India is unwilling for a few reasons. Firstly, the area has strategic value and enhances Indian security threats. Secondly, India cannot be seen to be weak and bowing to Chinese pressures, as it remains the only nation in the continent to stand up to China, militarily and economically.
Both nations are presently concentrating on economic cooperation and development. Photo: Reuters
Thirdly, if it succumbs to Chinese pressures, it would place Nepal, Bhutan and possibly even Bangladesh, Sri Lanka and Myanmar firmly in the Chinese fold, completing Indian encirclement.
Fourthly, if India withdraws unilaterally, without an understanding with China, irrespective of Bhutanese objections and demarche to China, the Doklam plateau would be under Chinese control as a fait accompli and enhance India’s vulnerabilities.
Finally, if India backs down once, it would be compelled to do so in the case of all other Chinese demands and incursions.
Many writers, including Chinese media, have been mentioning the possibility of armed conflict, which is still miles and ages away. The two chiefs mentioning a two-front war is their method of conveying a message to their forces that they should always be ready for operations, peace conditions notwithstanding.
All chiefs convey this message many times during their tenure, hence it is not sabre-rattling. China knows it, but seeks to play on it, since it suits its pressure tactics.
Both nations are presently concentrating on economic cooperation and development. Neither side would desire a confrontation which would offset economic growth by decades (as any war could and would).
China faces greater threat from nations seeking to challenge its hegemony in the South China Sea, as also the US which is seeking to arm Taiwan; hence to enter into a conflict for a small standoff is unlikely, egos notwithstanding.
China is investing immensely into its dream project of One Belt One Road across the region. It cannot afford to divert funds into a war scenario from where it may not gain much, except possibly only pride.
Both nations are nuclear-armed, therefore the conflict may end up beyond the conventional and damage both, impacting economies severely.
Hence, while an all-out war on such an issue may not be expected, there are possibilities of a local skirmish. This again has disadvantages to both sides.

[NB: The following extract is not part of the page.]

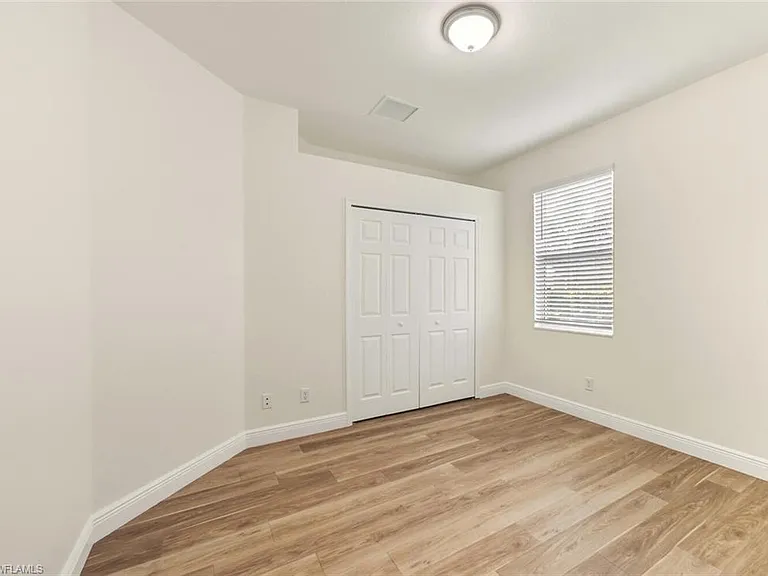 2080 Wellington St — Photo 15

It has the possibility of exploding into a full blown one, which neither nation desires. Secondly, if China does end up on the wrong side, its standing and power in the international community may get impacted (akin to its failure in Vietnam in 1979 and India in 1967), thus compelling it to escalate.

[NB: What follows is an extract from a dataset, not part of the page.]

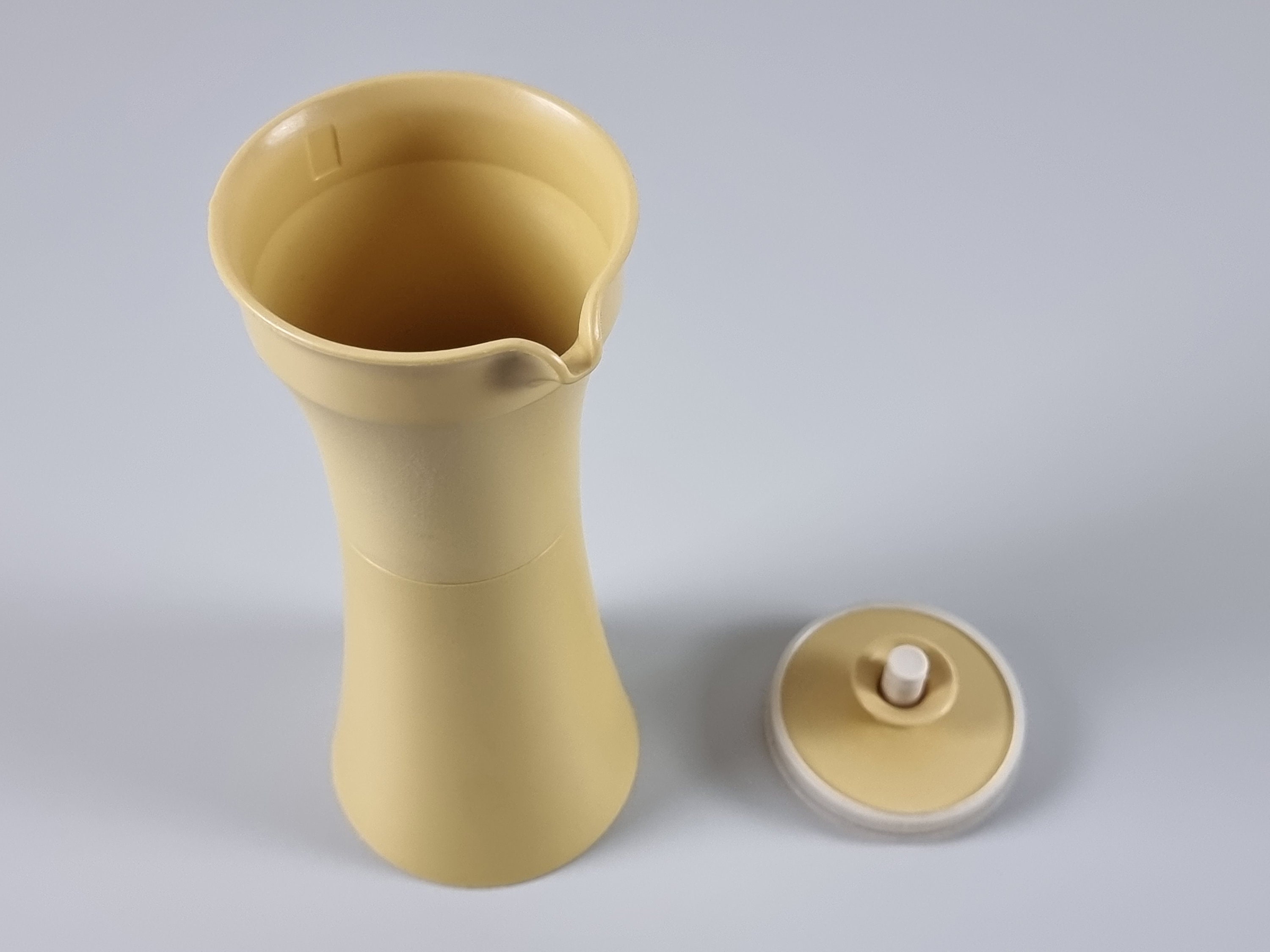 Vintage TUPPERWARE 1246 Creamer And Salad Dressing Container With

India seeks to deescalate hence would respond with lesser force, thus facing the brunt, while aiming to keep it localised. Thus, for both nations, the sole answer is peaceful de-escalation.

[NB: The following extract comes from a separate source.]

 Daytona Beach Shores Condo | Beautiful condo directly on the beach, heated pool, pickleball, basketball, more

It is China which commenced creating the hype, while India remained silent and guarded. Thus, it would have to be China which would need to slowly lower media tempo, creating conditions for a settlement of the issue.
It rushed in, seeking to coerce India to bend, which never happened. The Indian government has remained mature, irrespective of media hype, unwilling to increase tempo, downplaying the incident.
The final solution is talks aiming to defuse the crises, while moving ahead in other fields. All eyes are now on the G-20 summit and the BRICS meeting during it, where the Chinese president and the Indian PM are scheduled to meet. Chinese media claims the scenario is not ripe for a meeting, however, in all probability they would.
A possible solution is that India may be the first to back down, followed by China and the status quo restored, with no transgressions including constructions on either side, till a final resolution of the border dispute is arrived at.
This is possibly the only answer to save egos, arrive at a workable solution and restore peace and tranquillity. It may sound simple, but to arrive at the simplest of solutions involves immense back channel diplomacy, give and take, reducing tensions and maintaining strategic interests of each other.